RECORDS SUPPLIED:
┌──

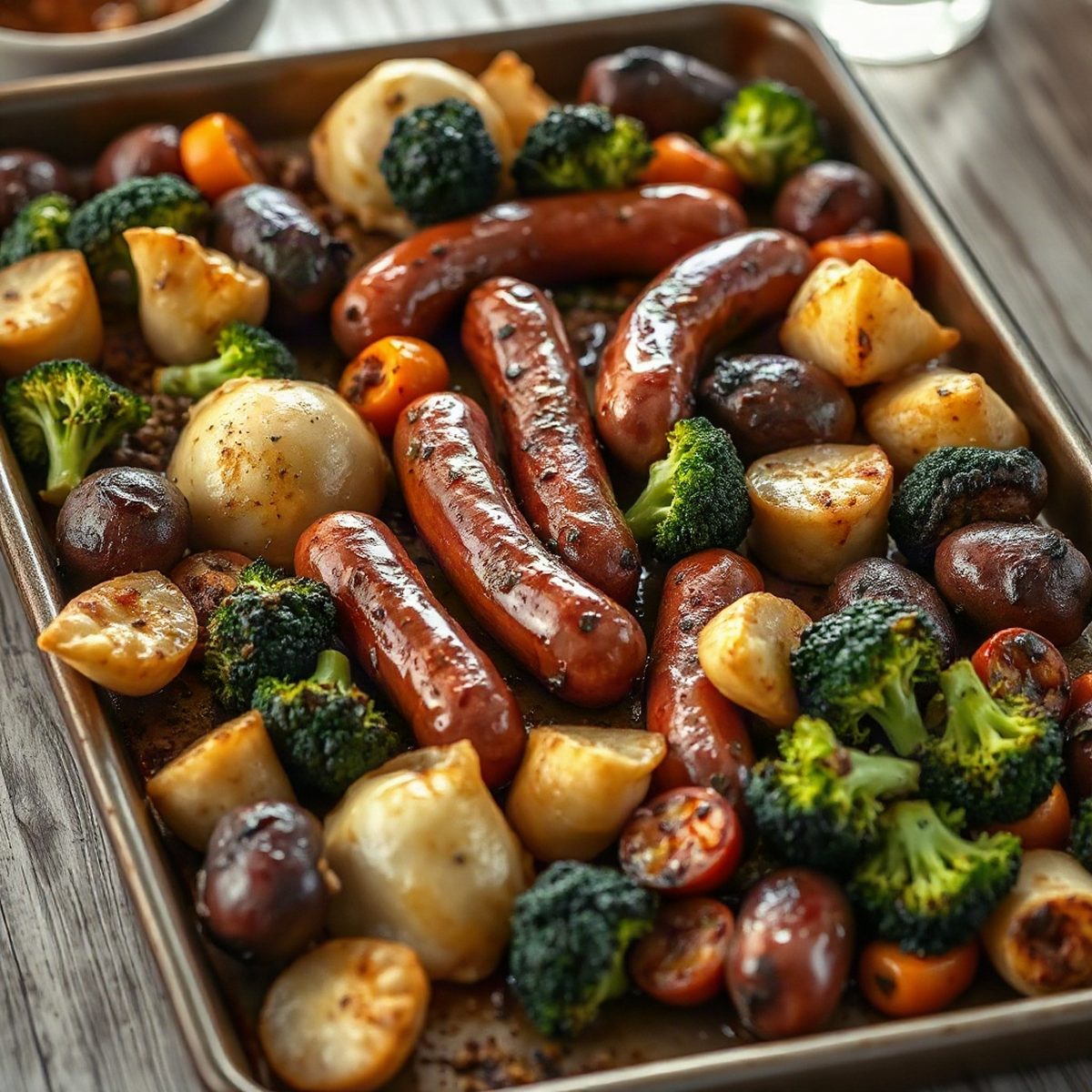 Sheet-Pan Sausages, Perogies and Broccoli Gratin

└──
┌──

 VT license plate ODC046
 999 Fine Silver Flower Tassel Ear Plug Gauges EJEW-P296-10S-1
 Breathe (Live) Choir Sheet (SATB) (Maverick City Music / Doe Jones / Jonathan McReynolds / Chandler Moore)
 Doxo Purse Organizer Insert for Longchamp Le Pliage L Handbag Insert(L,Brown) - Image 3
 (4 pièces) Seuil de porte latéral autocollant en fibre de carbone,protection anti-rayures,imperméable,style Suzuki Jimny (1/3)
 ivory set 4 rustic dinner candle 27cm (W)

└──

TASK:
In the entries above, the lines from the one bearing "Doxo Purse Organizer" up to and including the one bearing "ivory set 4 rustic dinner candle 27cm (W)" should be transcribed exactly; no other line is wanted.

RESULT:
 Doxo Purse Organizer Insert for Longchamp Le Pliage L Handbag Insert(L,Brown) - Image 3
 (4 pièces) Seuil de porte latéral autocollant en fibre de carbone,protection anti-rayures,imperméable,style Suzuki Jimny (1/3)
 ivory set 4 rustic dinner candle 27cm (W)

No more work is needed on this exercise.